Beneath the Council's watchful eyes, the city was divided into layers, each one reflecting the new social order that had emerged from the ashes.

**The Upper City**, home to the wealthy and powerful, was a walled enclave within the city's center, guarded by armed soldiers and surveillance drones. Here, the air was cleaner, the streets wider, and the buildings taller and more pristine. The rich lived in relative comfort, their lives cushioned by the resources hoarded in the chaos of the war. They enjoyed privileges that most could only dream of—private security, access to clean water, and the luxury of ignorance. For them, the war was a distant memory, buried beneath layers of wealth and privilege.

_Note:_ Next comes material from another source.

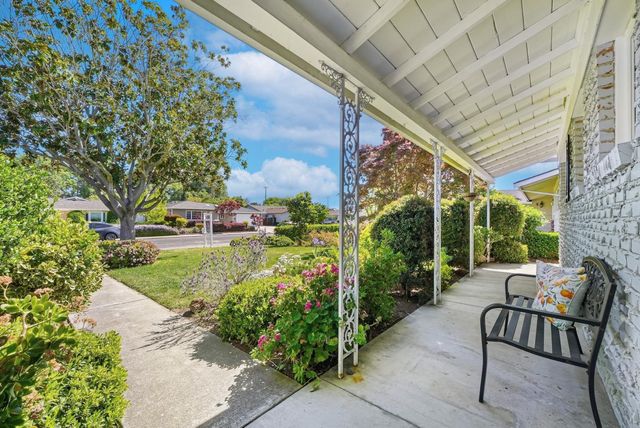 1062 Waterbird Way, Santa Clara, CA 95051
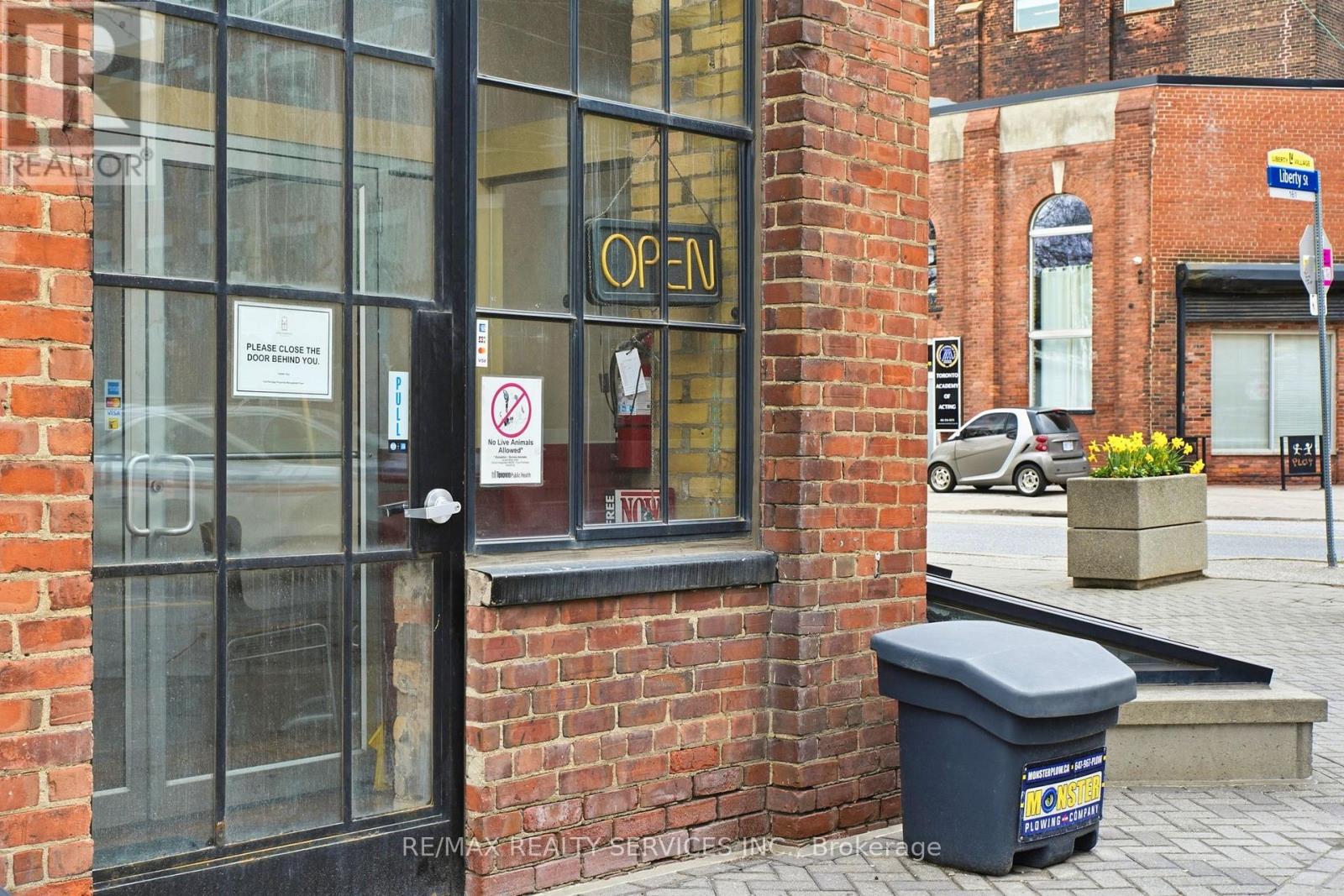 159 Liberty Street, Toronto, Ontario  M6K 3G3 - Photo 6 - W12988606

Beyond the Upper City lay the **Middle Wards**, where the remnants of the middle class fought to maintain a semblance of their old lives. These neighborhoods were crowded and tense, filled with the working families who toiled in the factories and service industries that kept New Bastion running. The Middle Wards were a place of constant struggle, where the people lived on the edge of comfort and collapse. They were close enough to the Upper City to see its lights, but far enough to know they would never cross those walls.

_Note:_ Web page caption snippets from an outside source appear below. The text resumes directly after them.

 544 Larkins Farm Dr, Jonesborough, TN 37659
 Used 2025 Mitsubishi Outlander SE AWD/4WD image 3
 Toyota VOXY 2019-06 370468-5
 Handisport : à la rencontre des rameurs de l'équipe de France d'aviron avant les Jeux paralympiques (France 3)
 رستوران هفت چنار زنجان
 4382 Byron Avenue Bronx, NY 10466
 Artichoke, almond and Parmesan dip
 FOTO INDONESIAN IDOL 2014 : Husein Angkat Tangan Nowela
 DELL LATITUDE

Here, the Council's influence was felt in every aspect of daily life. Propaganda filled the airwaves, preaching the virtues of loyalty, obedience, and hard work. Those who complied were rewarded with food rations, employment, and the thin promise of stability. Those who didn't faced harsher consequences—loss of privileges, public shaming, or worse. The Middle Wards were a place where people played by the rules, not out of respect for the government, but out of fear of losing what little they had left.

At the outer edges of New Bastion lay the **Lower Wards**, a sprawling, decaying slum where the poorest and most desperate struggled to survive. The war had hit these areas hardest, and the scars were still fresh—burned-out buildings, makeshift shantytowns, and streets littered with the detritus of forgotten lives. The Lower Wards were a lawless place, ignored by the Council unless their inhabitants became a problem that needed crushing. It was a breeding ground for crime, disease, and dissent, where the people were left to fend for themselves in a city that had long since turned its back on them.

In the Lower Wards, every day was a fight for survival. Food was scarce, water often contaminated, and the ever-present threat of violence hung in the air. For many, the only way out was to be drafted into the Academy, a brutal institution that promised a chance at a better life but often delivered something far darker. Parents sent their children to the Academy not out of hope, but because it was the only option left—the last, desperate gamble in a world that had no mercy.

Above all of this loomed the Council's headquarters and the **Academy**, the city's most formidable structure. The Academy was a place of discipline and control, where the strongest youth were sent to be molded into the enforcers of the new world order. It was a fortress of concrete and steel, with towering walls topped with razor wire, watchtowers at every corner, and a reputation that filled the city with both fear and respect. For the Council, the Academy was not just a training ground; it was the heart of their power, a place where obedience was bred and defiance was crushed.

The government's iron grip was maintained through the Academy's cadets, who were trained to be more than soldiers—they were conditioned to be loyal, to protect the status quo, and to enforce the Council's will without question. Those who succeeded were rewarded with status, power, and the chance to climb above the rubble of their origins. Those who failed were simply forgotten, absorbed into the city's machinery without a trace.

In New Bastion, the line between order and chaos was thin, held together by the Council's ruthless control and the unspoken understanding that only the strong would survive. The war had ended, but its echoes still reverberated through the city's streets, a constant reminder that peace was a fragile, fleeting thing, bought with blood and sustained by fear.

And as the city continued to rebuild, its people were left to navigate a world that had been reforged by fire, where survival was the only measure of success, and where the cost of weakness was too high to bear.